» Short descriptive text snippets
»»

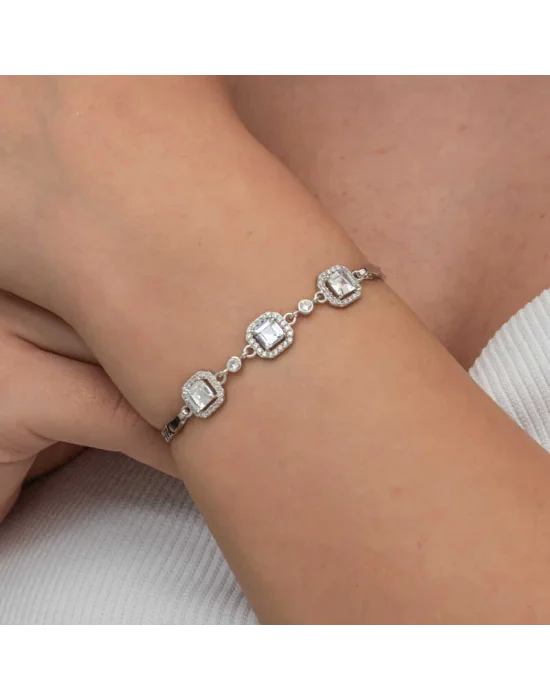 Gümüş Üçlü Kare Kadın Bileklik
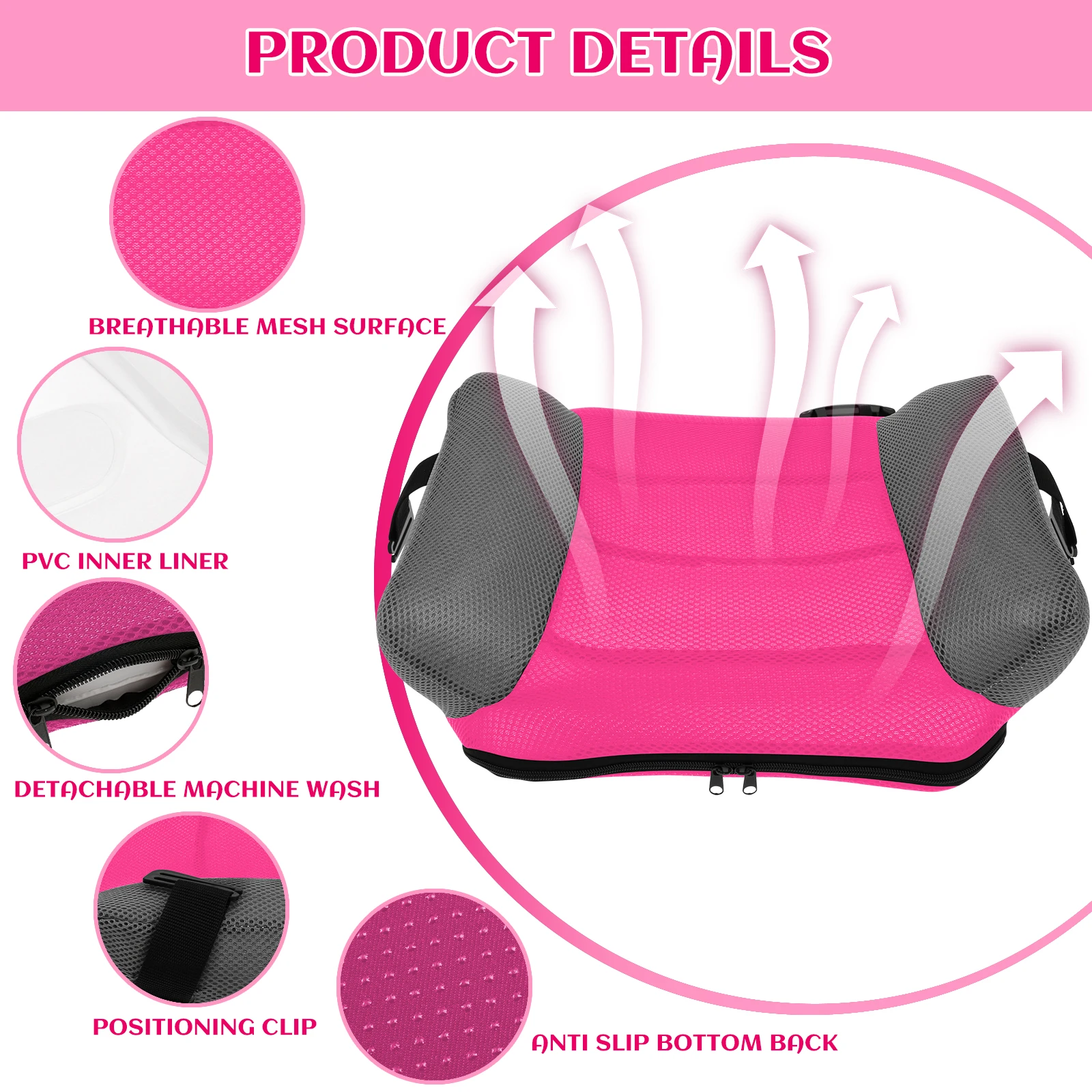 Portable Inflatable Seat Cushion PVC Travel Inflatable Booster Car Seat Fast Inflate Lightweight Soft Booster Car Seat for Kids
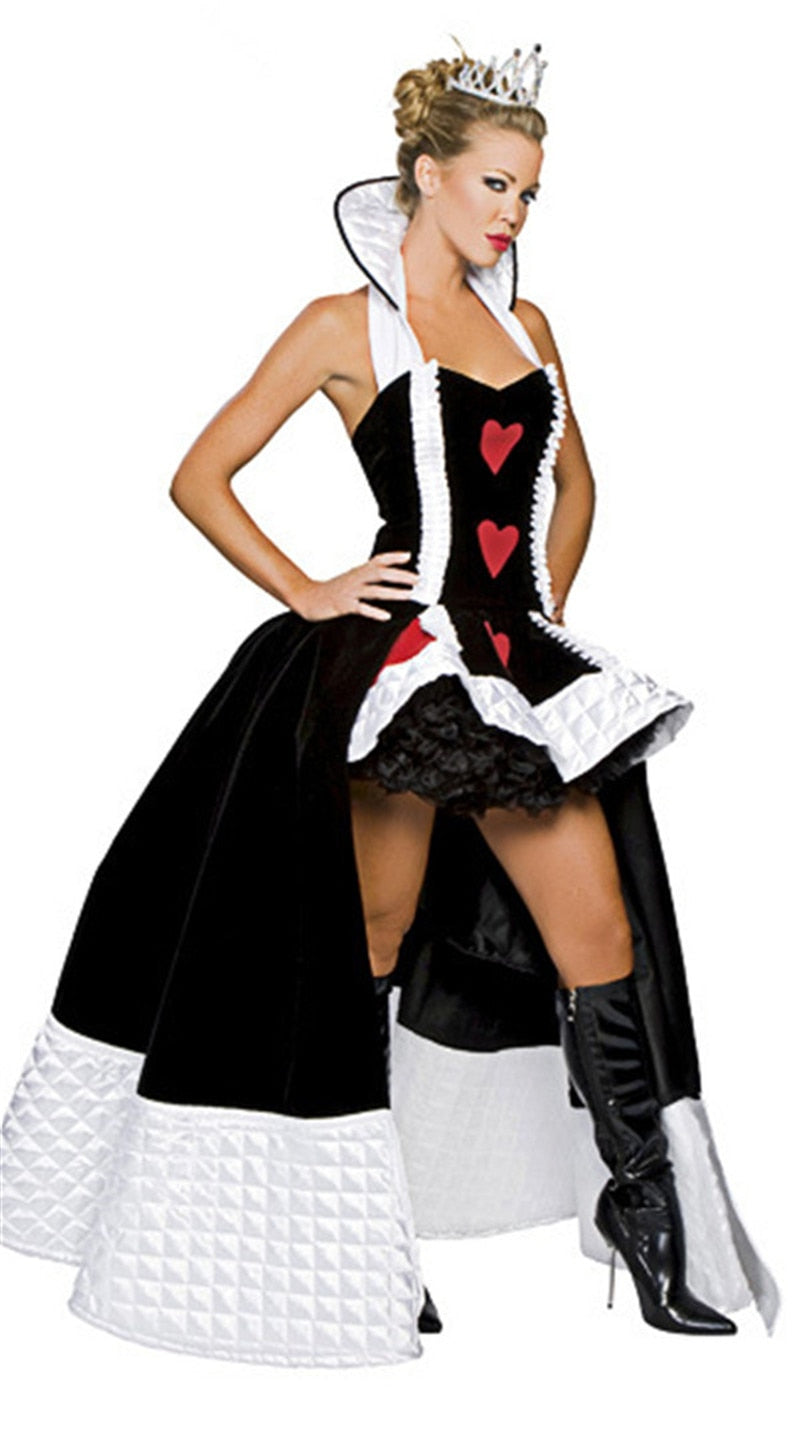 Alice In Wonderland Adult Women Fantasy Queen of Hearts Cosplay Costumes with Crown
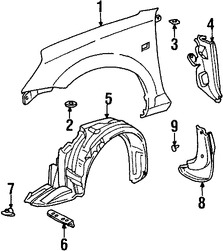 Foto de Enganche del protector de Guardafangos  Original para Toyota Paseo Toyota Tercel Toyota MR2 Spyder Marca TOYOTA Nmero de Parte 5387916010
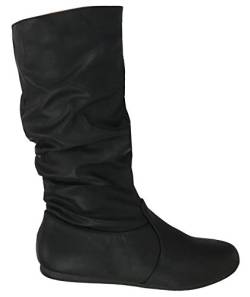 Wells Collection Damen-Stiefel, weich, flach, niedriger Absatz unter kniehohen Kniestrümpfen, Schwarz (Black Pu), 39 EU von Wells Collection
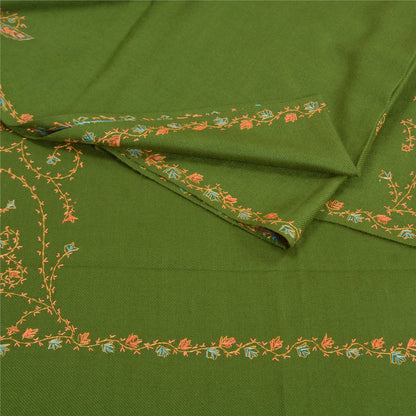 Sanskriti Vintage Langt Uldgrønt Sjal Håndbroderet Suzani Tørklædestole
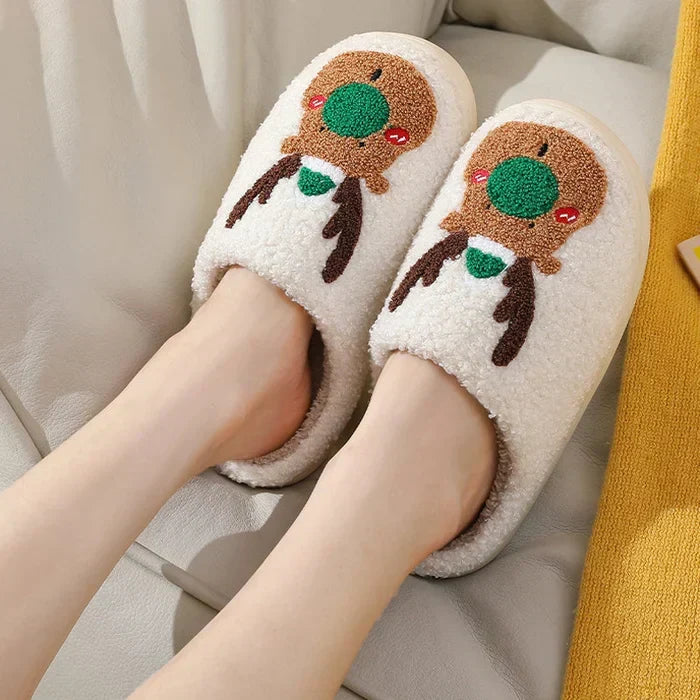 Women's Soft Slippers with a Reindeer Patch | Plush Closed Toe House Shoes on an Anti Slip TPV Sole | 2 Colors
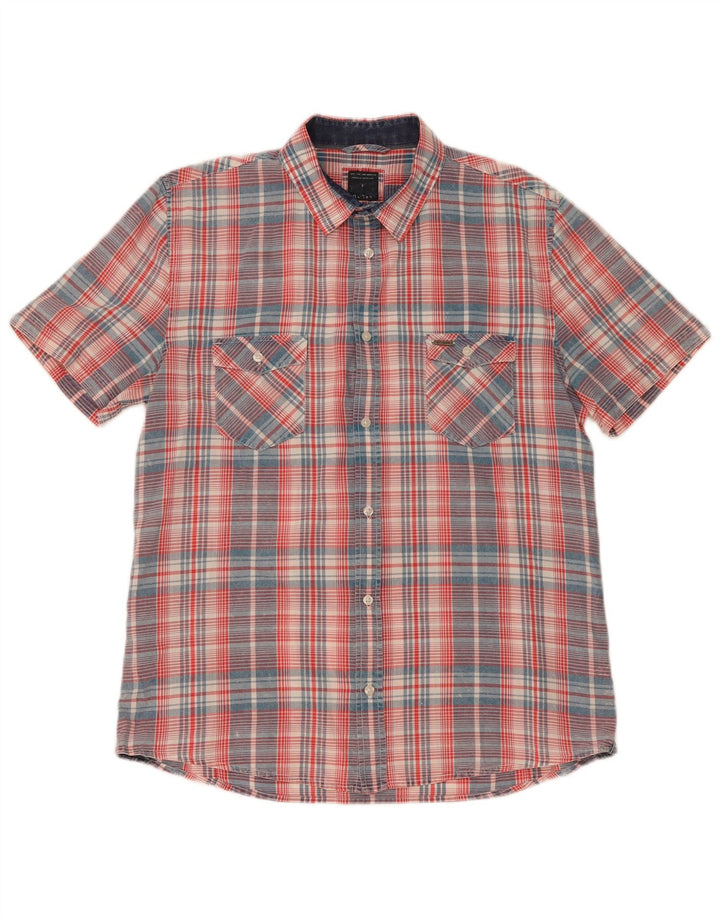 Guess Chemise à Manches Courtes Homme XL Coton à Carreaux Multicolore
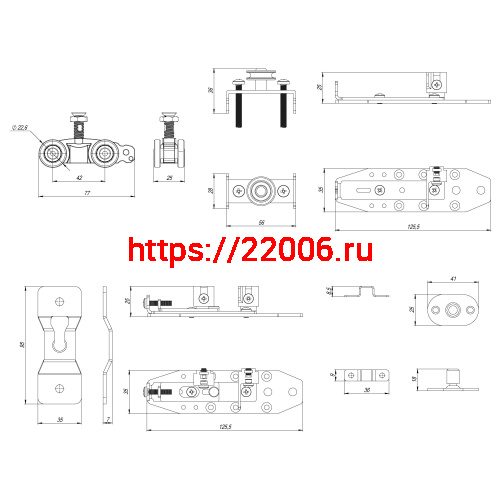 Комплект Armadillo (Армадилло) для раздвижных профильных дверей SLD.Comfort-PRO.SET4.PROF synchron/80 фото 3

««

» Exercise
Give exactly the lines above that run from the line with "Foto de Enganche" to the line with "Guess Chemise à", both included, leaving every picture out.

» Answer space
 Foto de Enganche del protector de Guardafangos  Original para Toyota Paseo Toyota Tercel Toyota MR2 Spyder Marca TOYOTA Nmero de Parte 5387916010
 Wells Collection Damen-Stiefel, weich, flach, niedriger Absatz unter kniehohen Kniestrümpfen, Schwarz (Black Pu), 39 EU von Wells Collection
 Sanskriti Vintage Langt Uldgrønt Sjal Håndbroderet Suzani Tørklædestole
 Women's Soft Slippers with a Reindeer Patch | Plush Closed Toe House Shoes on an Anti Slip TPV Sole | 2 Colors
 Guess Chemise à Manches Courtes Homme XL Coton à Carreaux Multicolore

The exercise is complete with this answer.